The undeniably lay character of the readership may also explain the small numbers and incompleteness of the surviving copies of the Devote ghetiden, as the books would have been kept in private possession and used in households.29 While the book’s primary use would have been for individual silent prayer and contemplation, one can easily imagine that they might have been used for education of the young, especially the images showing the main events in the history of salvation. Furthermore, the books offer simple modes of prayer to illiterate members of the household.30
The first woodcut the late medieval reader of the Antwerp edition of the Devote ghetiden encountered is an emblematic image of Christ as the Man of Sorrows on the title page (fig. 1). The title above the image, introducing the text as Devote ghetiden vanden leven ende passie Ihesu Christi, positions Christ’s life as the main principle underlying the order of the daily spiritual exercises, which in itself should have made modern readers suspicious as this suggests a different arrangement than that of a traditional book of hours.

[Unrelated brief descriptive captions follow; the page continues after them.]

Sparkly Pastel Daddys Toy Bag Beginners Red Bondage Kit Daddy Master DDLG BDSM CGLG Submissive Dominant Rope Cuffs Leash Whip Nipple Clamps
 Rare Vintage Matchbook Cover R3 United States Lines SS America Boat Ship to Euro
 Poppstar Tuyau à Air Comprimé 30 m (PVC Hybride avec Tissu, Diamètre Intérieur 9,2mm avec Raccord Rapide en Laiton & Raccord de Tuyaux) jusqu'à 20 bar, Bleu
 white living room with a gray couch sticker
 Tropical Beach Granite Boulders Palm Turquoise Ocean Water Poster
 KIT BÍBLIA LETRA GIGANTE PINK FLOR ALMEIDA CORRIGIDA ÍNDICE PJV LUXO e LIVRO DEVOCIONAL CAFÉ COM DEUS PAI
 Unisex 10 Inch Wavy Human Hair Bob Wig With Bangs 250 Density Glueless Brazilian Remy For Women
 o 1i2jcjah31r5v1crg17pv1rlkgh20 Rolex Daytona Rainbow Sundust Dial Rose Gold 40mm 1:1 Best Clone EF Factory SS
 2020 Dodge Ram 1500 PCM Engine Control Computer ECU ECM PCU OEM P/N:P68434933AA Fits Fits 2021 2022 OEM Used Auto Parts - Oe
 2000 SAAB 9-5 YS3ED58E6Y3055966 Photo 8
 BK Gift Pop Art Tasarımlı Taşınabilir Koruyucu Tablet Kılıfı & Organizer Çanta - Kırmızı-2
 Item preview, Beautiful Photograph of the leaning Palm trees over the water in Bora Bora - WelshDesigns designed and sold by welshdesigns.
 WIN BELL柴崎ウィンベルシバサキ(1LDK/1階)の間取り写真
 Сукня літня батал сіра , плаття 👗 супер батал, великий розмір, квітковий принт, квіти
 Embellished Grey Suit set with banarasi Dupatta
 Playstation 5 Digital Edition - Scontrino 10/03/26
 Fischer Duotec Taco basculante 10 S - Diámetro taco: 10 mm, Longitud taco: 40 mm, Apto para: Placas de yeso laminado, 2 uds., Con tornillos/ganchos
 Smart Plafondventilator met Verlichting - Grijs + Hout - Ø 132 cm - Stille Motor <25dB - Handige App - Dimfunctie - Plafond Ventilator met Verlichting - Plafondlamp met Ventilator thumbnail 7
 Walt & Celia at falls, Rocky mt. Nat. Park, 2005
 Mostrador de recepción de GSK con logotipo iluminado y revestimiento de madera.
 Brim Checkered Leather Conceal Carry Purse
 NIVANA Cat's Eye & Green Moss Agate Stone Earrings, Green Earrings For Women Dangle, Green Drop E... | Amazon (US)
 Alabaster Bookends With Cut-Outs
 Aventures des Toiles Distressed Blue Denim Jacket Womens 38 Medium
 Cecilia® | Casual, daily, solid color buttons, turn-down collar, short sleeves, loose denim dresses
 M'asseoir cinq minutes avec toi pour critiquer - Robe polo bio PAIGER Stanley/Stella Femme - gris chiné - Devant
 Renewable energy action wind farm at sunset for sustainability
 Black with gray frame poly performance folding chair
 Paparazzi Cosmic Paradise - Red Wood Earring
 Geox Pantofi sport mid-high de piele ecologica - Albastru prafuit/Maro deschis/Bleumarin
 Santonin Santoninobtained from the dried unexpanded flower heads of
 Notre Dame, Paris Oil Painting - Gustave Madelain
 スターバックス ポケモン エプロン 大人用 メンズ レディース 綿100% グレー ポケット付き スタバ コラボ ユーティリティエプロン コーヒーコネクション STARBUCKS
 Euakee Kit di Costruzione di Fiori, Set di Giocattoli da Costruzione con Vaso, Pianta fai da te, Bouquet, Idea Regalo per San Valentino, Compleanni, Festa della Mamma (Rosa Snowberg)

Interestingly, the prayer cycle on salvation history is positioned as the principal component of the book, while as we have seen above the prayers on this subject were placed between a range of texts addressing various different subjects. Only the meditative text on Friday focuses on the Passion, and here the same woodcut of the Man of Sorrows is used. The fact that Christ’s Passion is central to the title page might have been part of Leeu’s commercial strategy, which sought to take advantage of the fifteenth-century popularity of the Life and Passion of Christ. Looking at the title page the reader got a taste of what was to come: full-page woodcuts that give central stage to the leading figures, placing them in the foreground, while providing enough detail to evoke an imaginative visual experience and structure the process of prayer.31
The next image the reader of the Devote ghetiden encounters is the image of Death, which is placed next to the opening of the first meditative text, to be read on Monday (fig. 2). All of the meditative texts at the start of each chapter are accompanied by images depicting the contemplative subject for that day. Apart from structuring the text and enabling readers to find a certain section more easily,32 these images appear to have two main functions: they announce the subject of the day to the readers and prepare them for reading and subsequently ruminating upon the text. It is the woodcut that influences their initial disposition and mental state. In this case Death is presented as a personification, which turns the relatively abstract notion of death into an active actor, a real and present peril. The words in the banderole, “Nemini parco qui vivit in orbe (I spare no one who lives in the world),” not only create a dialogue between text and image, bringing death to life, they also initiate an interaction between the reader (it is the reader to whom Death speaks) and the meditative subject of that day. Death’s statement demands a reaction from the reader—not a literal response but an internal reflection: how does the reader deal with the feelings the image arouses and what stance does he or she take? Are readers prepared for their own personal confrontation with Death?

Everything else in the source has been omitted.